Data extract>
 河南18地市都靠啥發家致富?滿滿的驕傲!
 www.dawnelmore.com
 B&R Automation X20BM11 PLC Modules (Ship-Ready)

Assignment> Repeat the listing exactly, keeping every word in place.

Final answer>
 河南18地市都靠啥發家致富?滿滿的驕傲!
 www.dawnelmore.com
 B&R Automation X20BM11 PLC Modules (Ship-Ready)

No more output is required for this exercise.